== Segment start ==
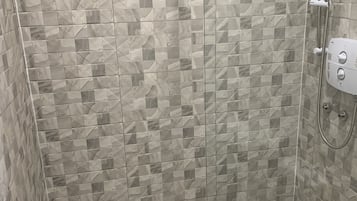 Hair dryer, towels, soap, shampoo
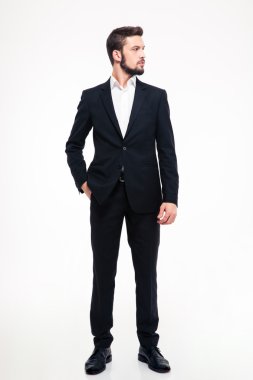 Full length portrait of a confident businessman looking away 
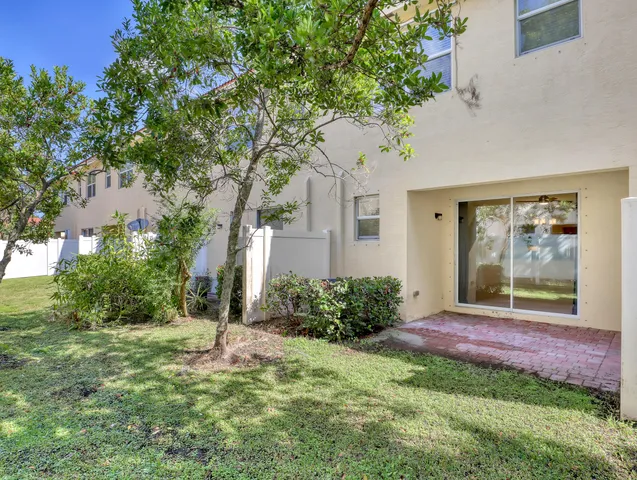 a view of a swimming pool with an outdoor seating
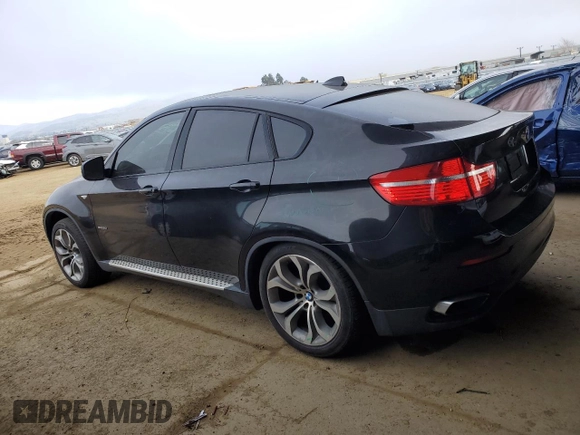 2011 BMW X6 50i with VIN 5UXFG8C56BLZ96125, listed as a Copart auction lot 84271244 with 69,732 mi miles and Salvage Title. Bid and sale history available at carsss.com. Image 2.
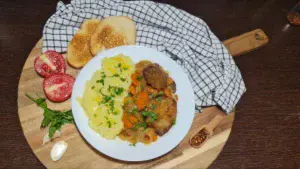 Plate of savory seitan with wine sauce, mashed potatoes, toasted bread, and fresh tomatoes. :A delicious meal of savory seitan with wine sauce served with mashed potatoes, toasted bread, and fresh tomatoes.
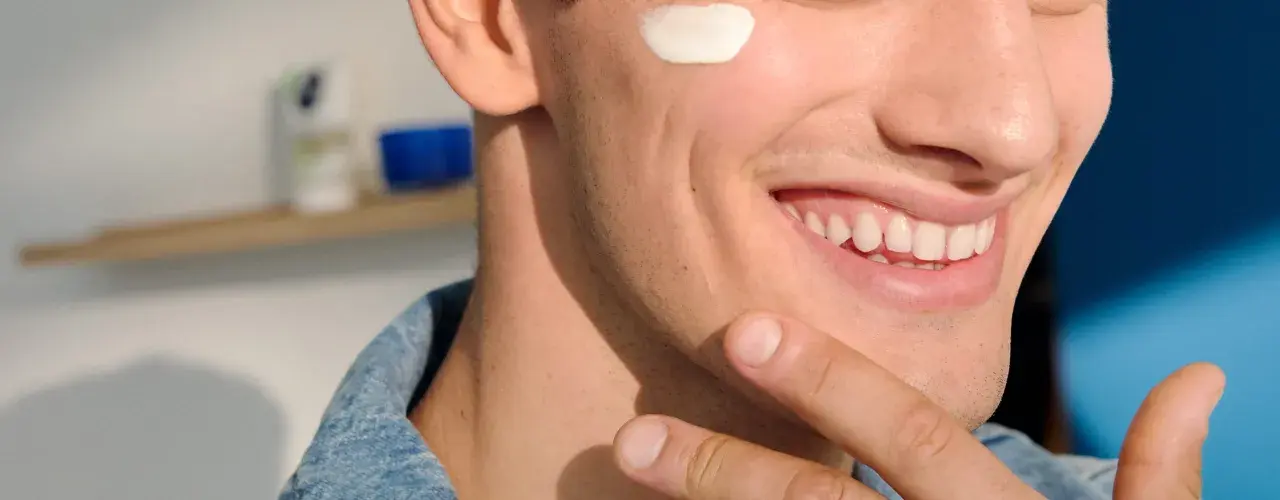 Uomo sorridente con crema sul viso, dopo la depilazione con rasoio. Pelle liscia e curata.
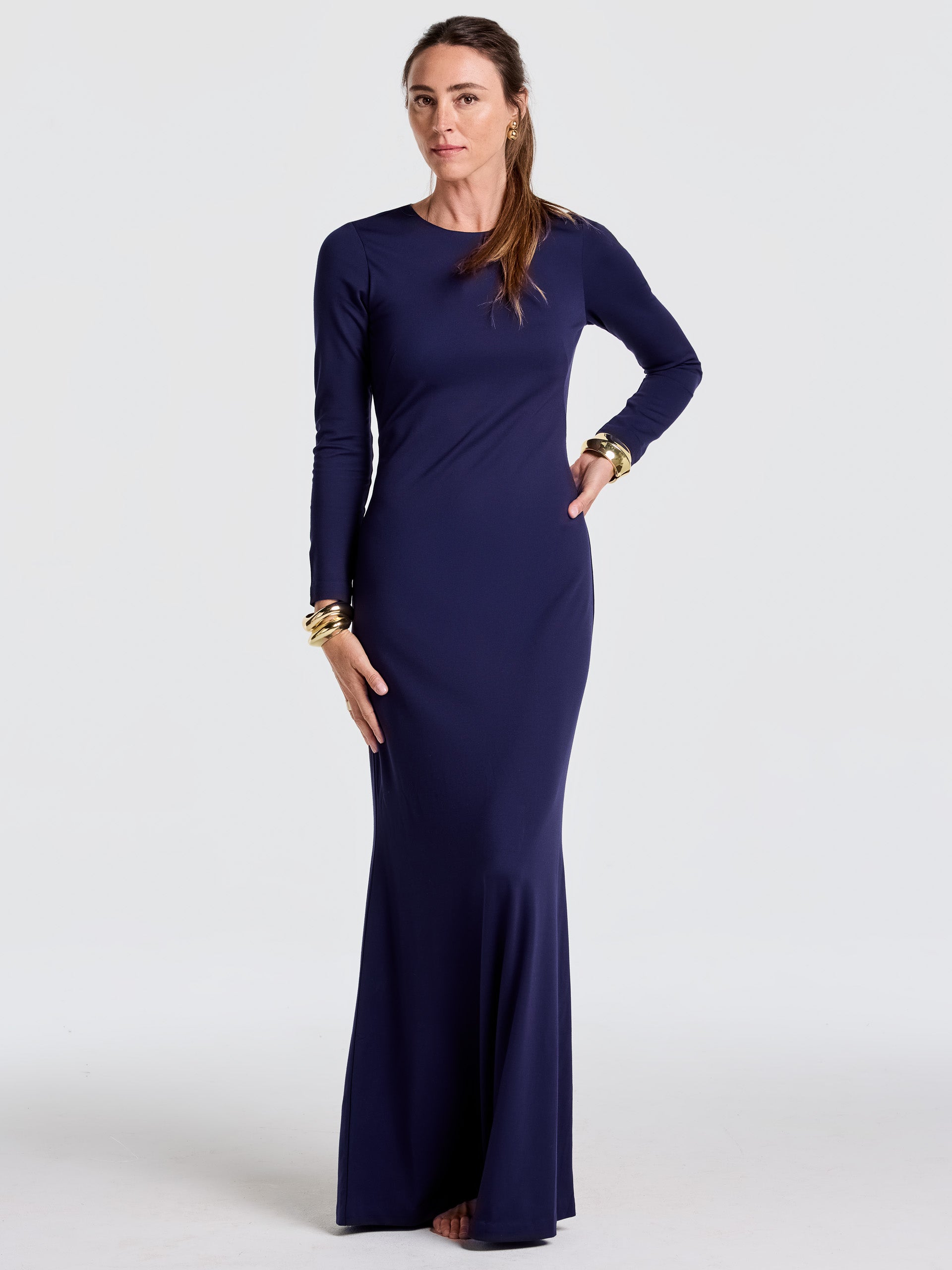 Woman wearing a sleek, navy blue Alexandra Dress by J.McLaughlin, featuring long sleeves and a fitted silhouette, showcasing effortlessly stylish, enduring designs and innovative fabrics.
== Segment end ==
▶ _WHAT IS EXPECTED_
Repeat each record exactly, with the pictures left out.

▶ _ANSWER TO THIS TASK_
 Hair dryer, towels, soap, shampoo
 Full length portrait of a confident businessman looking away 
 a view of a swimming pool with an outdoor seating
 2011 BMW X6 50i with VIN 5UXFG8C56BLZ96125, listed as a Copart auction lot 84271244 with 69,732 mi miles and Salvage Title. Bid and sale history available at carsss.com. Image 2.
 Plate of savory seitan with wine sauce, mashed potatoes, toasted bread, and fresh tomatoes. :A delicious meal of savory seitan with wine sauce served with mashed potatoes, toasted bread, and fresh tomatoes.
 Uomo sorridente con crema sul viso, dopo la depilazione con rasoio. Pelle liscia e curata.
 Woman wearing a sleek, navy blue Alexandra Dress by J.McLaughlin, featuring long sleeves and a fitted silhouette, showcasing effortlessly stylish, enduring designs and innovative fabrics.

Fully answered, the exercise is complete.